Misread Spurious’ lines, “Two A.M. is a time of absolute youth. Absolute - separate - and burning unto itself like a star” as “Absolute - separate - and burning into itself like a star.” How a fleck on a photo-negative burns onto the print as glowing white spot.

she does not know herself, is dazzled by data
-- Anne-Marie Albiach, “Vertical Effort in White,” in Figured Image.

Thoughts, notes, posts on glaciation, glacial writing.
Desire to find wholeness, holiness in slowness. Things come in from outside. [An incremental slide, an incremental rise.]
And, on my desk, in a pile of books acquired for the new year, Albiach’s Figured Image. And what’s on the cover but... a photo of a glacier. Parallels, correspondences -- things so easy to miss becausethey’re right in front of one's face.

A walk at two A.M. “Looking for a Street that Rhymes with Four A.M.” sang Norma Tanega. It’s been a while since I’ve been out walking at two a.m., or four a.m., when the day is turning into tomorrow; nearing dawn, one occupies a strange space between tenses, between days -- “earlier today” becomes “yesterday,” but it is and is not.
Heraclitus’ river.

I’m writing in the strange, still space of a frozen world; branches limned and rimed with frost, streets grey with snow and ice. It’s very still; last night, very few cars out despite the weekend. The occasional taxicab, and the regular, slowheavy trundling of busses, lumbering and tentative.
I step outside for a cigarette: did I feel the form of the paper cylinder between my fingers, or have I become that detached from it, over-familiarized with the experience?

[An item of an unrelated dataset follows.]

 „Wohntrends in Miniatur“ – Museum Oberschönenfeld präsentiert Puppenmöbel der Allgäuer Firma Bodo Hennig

I was conscious of my breath, and the wedges of cold, edging in. I think of this now, feeling the warmth, noting a few tangible objects around me: a candle holder, a ball of blue glass, a string of glass beads, my pen, my lighter. A spark, a flame and the candle comes to life. Flickering, drifting... The memory of a smile, or of the sound of friend’s voice. A touch - what unites these worlds. Alone in the room, a distant voice, or softly sung from the stereo. A slight echo; a slow-burn.
Then, something more, but I have forgotten the phrase.

13.1.07

rimed 

With the freeze, the condensation has frozen in the crack in the window. Wiping it away, I can see that the crack is now lined with minute chips, and has, no doubt, proceeded further.

11.1.07

[notes] 

These glaciation notes, I think, could be honed and combined into a longer post, a "real" post, a sort of an essay. Then, I think, I'd have to condense it, make it to a single packed phrase, like the piece of blue glass that sits on my windowsill; or break it down into a few bright shards and debris. So let the entries, the repeats, rephrasings and omissions stand where they are, to be packed down into the archive of January 2007.

***

A rare snow fell last night, and the morning brought clear skies and a bracing stillness to the air. Worries and internal tensions were forgotten for a moment -- every tree branch outlined in white, the sunlight golden. I watched my condensed breath dissipate into the air & felt the surge, felt the word "distance" become meaningless, and thought, for a moment, everything is amazing. The god of slowness showed its hand.

10.1.07

accumulation and loss 

Condensation forms a grey screen on the glass of the window which obscures all the details of the day. I let my eyes go out of focus on this surface and I drift...
There's a sense of movement, or space; a condensation of vapor, or absence, that marks or suggests the passage of a thought.
And I look up and see where the pin-point beads of condensation (each one a tiny lens) have bonded and joined to create increasingly larger beads; one of these breaks the surface tension that adheres it to the glass, and it streaks downward through the field and reveals a ribbon of a clearer, variegated grey beyond. And what thoughts have collected and streaked down and away, a tear in the fabric of the day, in the space of this writing?

9.1.07

glacial [again: glacial] 

Diary (Film at 11)
The film in my 8mm camera is, I'm pretty sure, jammed up -- and has been so for a couple of years. What would the developed film reveal?-- A diary of clouds. Streetlights. There was a snowfall, and I think I filmed a page of a book immediately after that. More clouds. And then, edge flare and whiteness: some staining to and flickering around the margins.
"Additive decay." Burn at the center: light marks, destroys everything it touches.

8.1.07

workless: projection

The film has jumped its rails; one can feel the tension in the camera, the film fails to advance. With no mind, intent on the project, one continues. The accretion of light slowly destroys any image.

areverse 

Slipped up by language, or one slips into the crevasses of its use; the phrase "the surge" comes to me for one reason and the papers write of a "surge" of troops into Baghdad; death upon death.
"Glacial writing" reverses, unfolds itself; the metaphor doesn't hold: actual glaciers everywhere are receding, not building. Perhaps that is the lesson of a "glacial" writing -- it reverses upon itself; cleaves to / cleaves from. Ravels.

2.1.07

The Surge 

a. In all of Godard’s later work, JLG/JLG on, there is a pervasive quality of mourning. The camera, always referential, both focuses and opens up. The voice of Godard has often been present in his films, but here, in addressing himself, a doubling takes place -- reference and reflection, self and Other, age and “the age”; histoire as history, as story. An autumnal thread runs through it: the mourning of art at the expense of culture.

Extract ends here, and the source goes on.